+++ Data extract +++

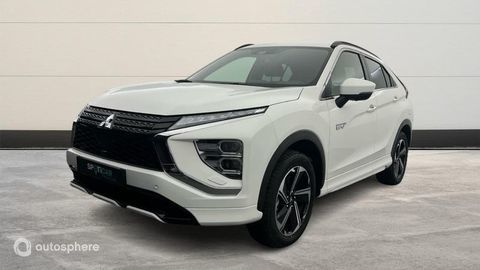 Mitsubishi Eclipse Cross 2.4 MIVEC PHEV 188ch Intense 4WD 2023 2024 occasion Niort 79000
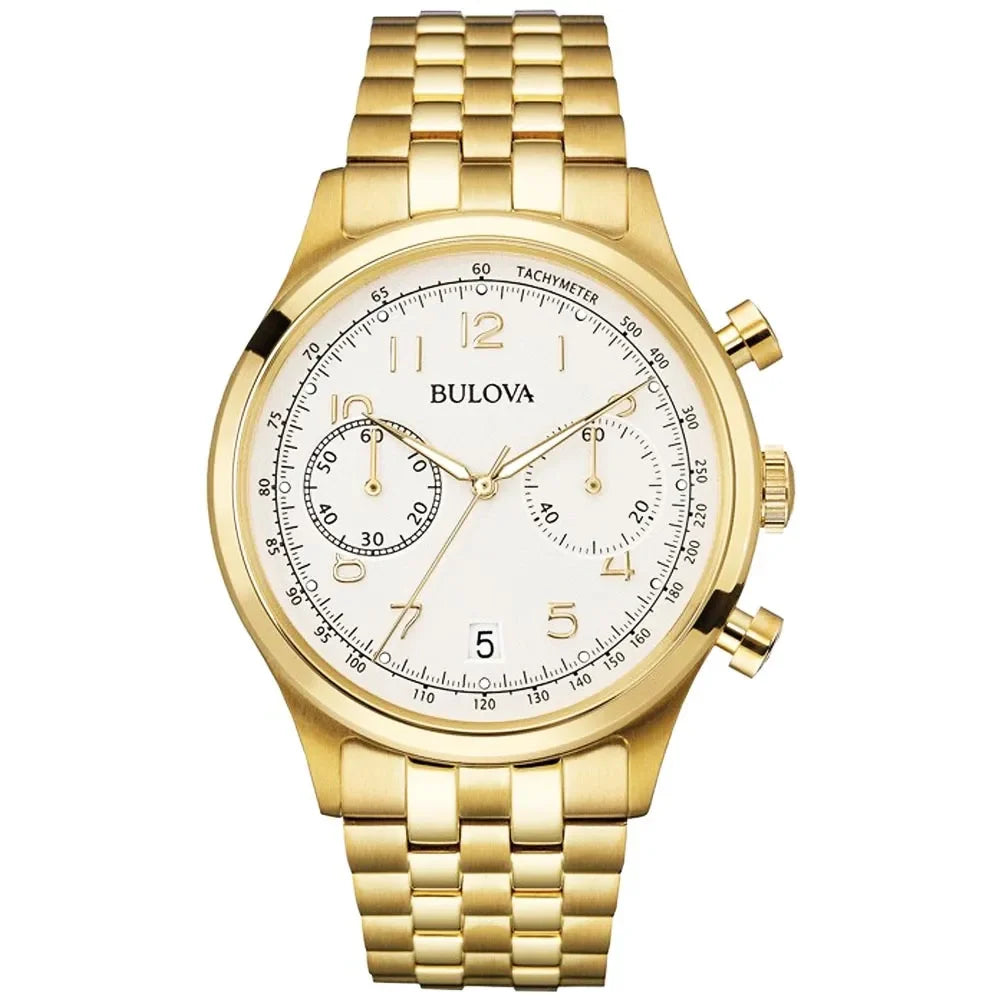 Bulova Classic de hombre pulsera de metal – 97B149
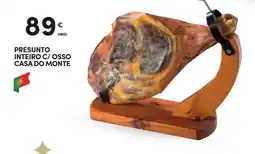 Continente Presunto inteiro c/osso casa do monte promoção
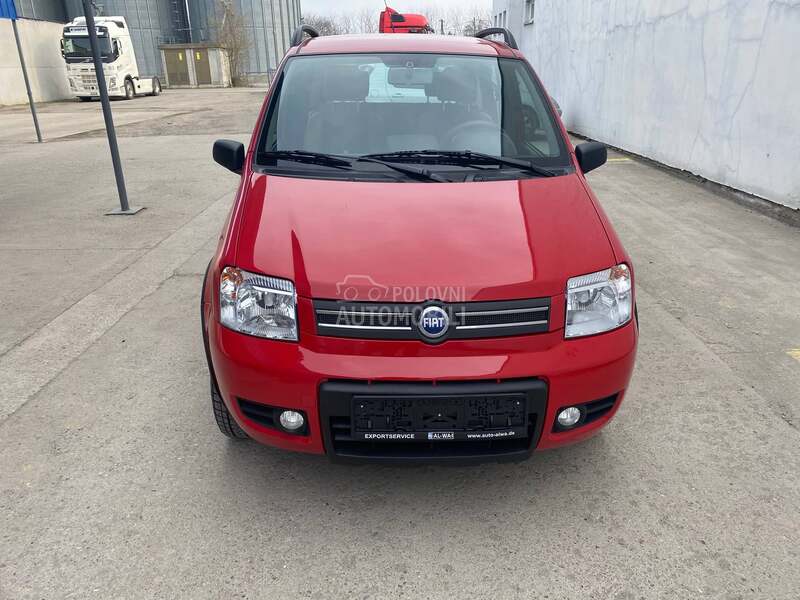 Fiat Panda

+++

What is needed
Repeat each line above exactly. The pictures stay out.

Answer
 Mitsubishi Eclipse Cross 2.4 MIVEC PHEV 188ch Intense 4WD 2023 2024 occasion Niort 79000
 Bulova Classic de hombre pulsera de metal – 97B149
 Continente Presunto inteiro c/osso casa do monte promoção
 Fiat Panda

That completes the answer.